• TASK ITEM:
Using the records that follow, reproduce exactly the lines starting at the line containing "You'll see Search" and ending at the line containing "What does it". Include both end lines and no pictures.

• RECORD EXCERPTS:
________________

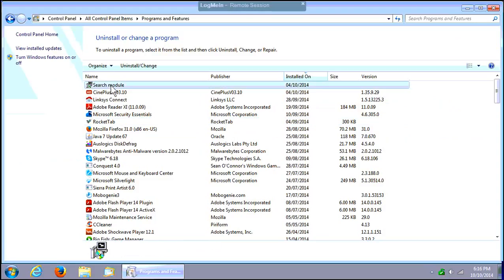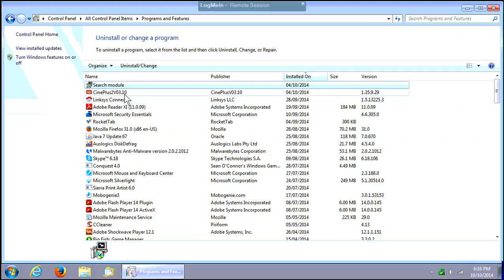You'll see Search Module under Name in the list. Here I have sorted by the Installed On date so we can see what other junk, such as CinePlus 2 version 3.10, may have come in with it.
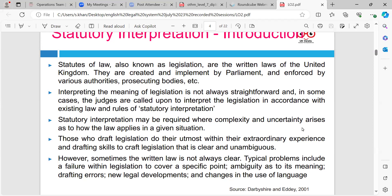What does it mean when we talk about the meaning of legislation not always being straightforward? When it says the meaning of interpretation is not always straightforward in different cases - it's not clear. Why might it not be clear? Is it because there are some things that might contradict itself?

________________

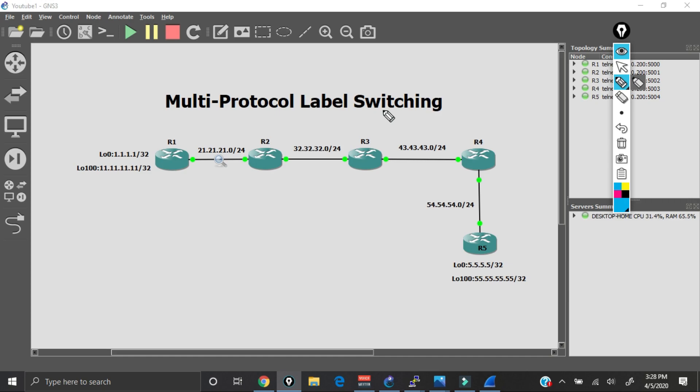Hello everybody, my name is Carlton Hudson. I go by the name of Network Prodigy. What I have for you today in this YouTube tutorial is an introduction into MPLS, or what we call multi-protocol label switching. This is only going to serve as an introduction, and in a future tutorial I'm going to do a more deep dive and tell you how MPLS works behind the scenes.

________________

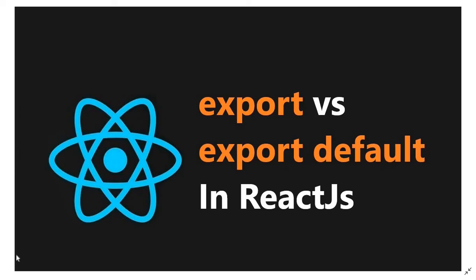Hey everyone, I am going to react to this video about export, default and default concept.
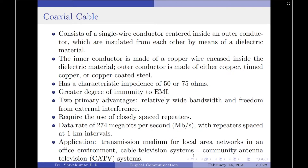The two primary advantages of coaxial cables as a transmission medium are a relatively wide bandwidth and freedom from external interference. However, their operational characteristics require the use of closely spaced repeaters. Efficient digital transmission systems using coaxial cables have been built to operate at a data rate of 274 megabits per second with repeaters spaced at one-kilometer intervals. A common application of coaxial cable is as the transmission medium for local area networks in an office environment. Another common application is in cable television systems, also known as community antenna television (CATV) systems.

________________

• RESULT FOR THIS TASK:
You'll see Search Module under Name in the list. Here I have sorted by the Installed On date so we can see what other junk, such as CinePlus 2 version 3.10, may have come in with it.
What does it mean when we talk about the meaning of legislation not always being straightforward? When it says the meaning of interpretation is not always straightforward in different cases - it's not clear. Why might it not be clear? Is it because there are some things that might contradict itself?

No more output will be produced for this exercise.